How to complete this task = Could you copy exactly the lines below from the one with "Airpods pro оригинал" to the one with "Baldur’s Gate Enhanced Edition Новое видео", inclusive, leaving out any pictures?

Entries supplied =
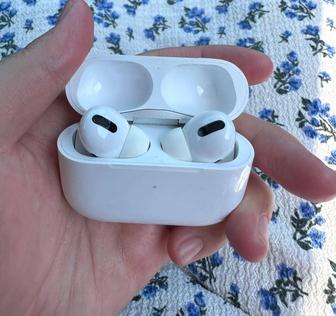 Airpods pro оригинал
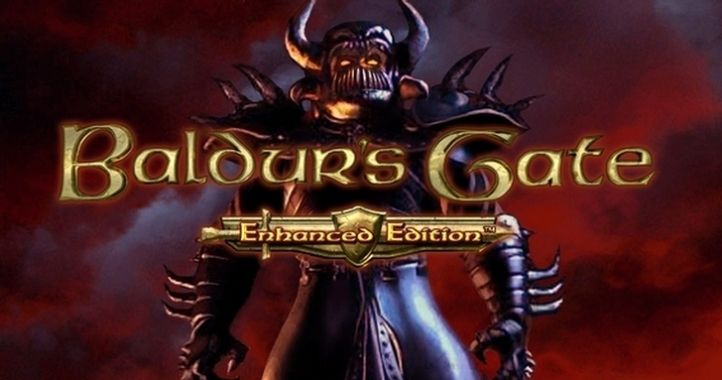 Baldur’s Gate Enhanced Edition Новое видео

--

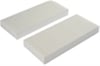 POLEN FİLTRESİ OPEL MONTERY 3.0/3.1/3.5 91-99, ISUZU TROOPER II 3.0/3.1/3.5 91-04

* * *

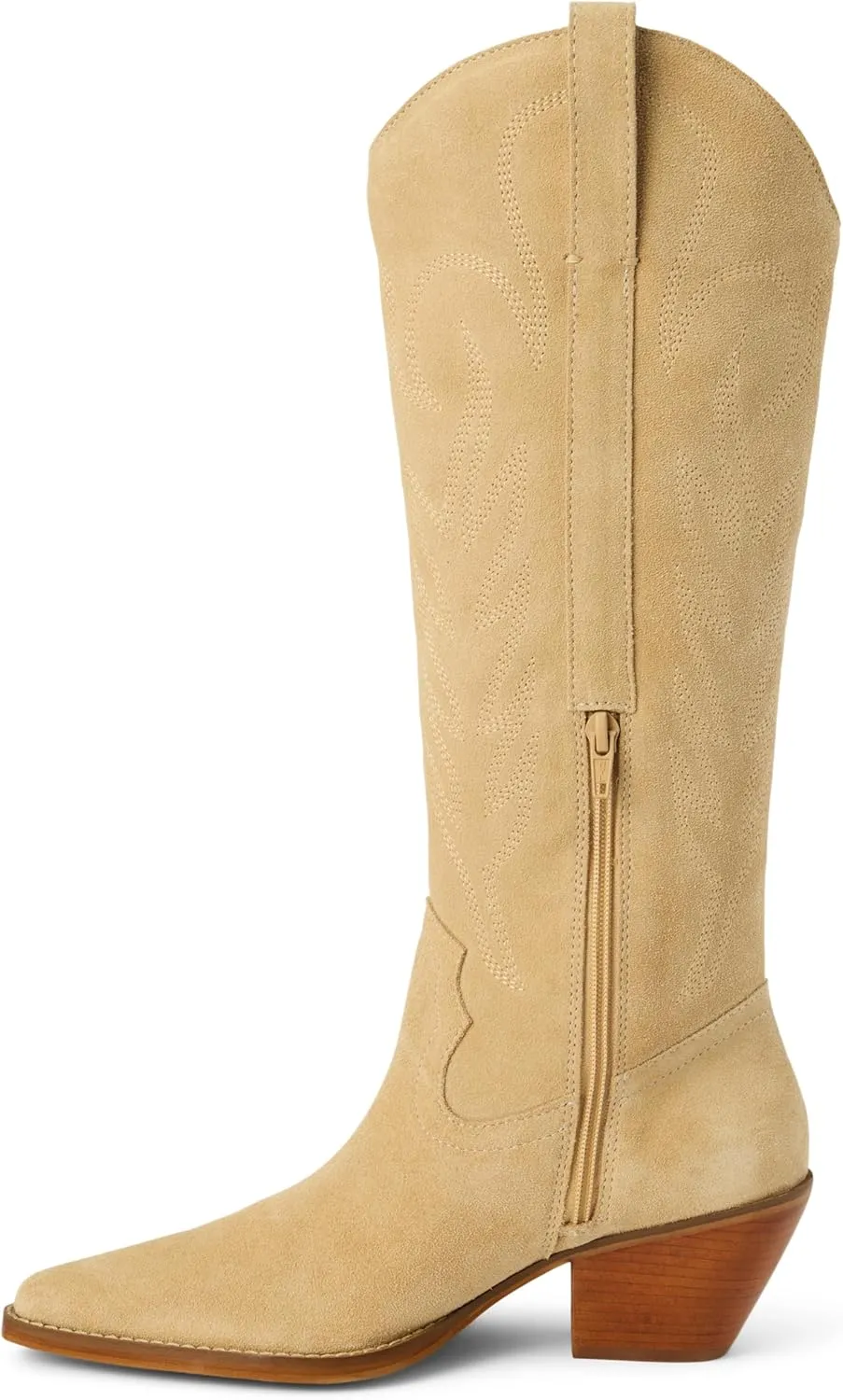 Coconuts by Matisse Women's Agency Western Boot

Solution =
 Airpods pro оригинал
 Baldur’s Gate Enhanced Edition Новое видео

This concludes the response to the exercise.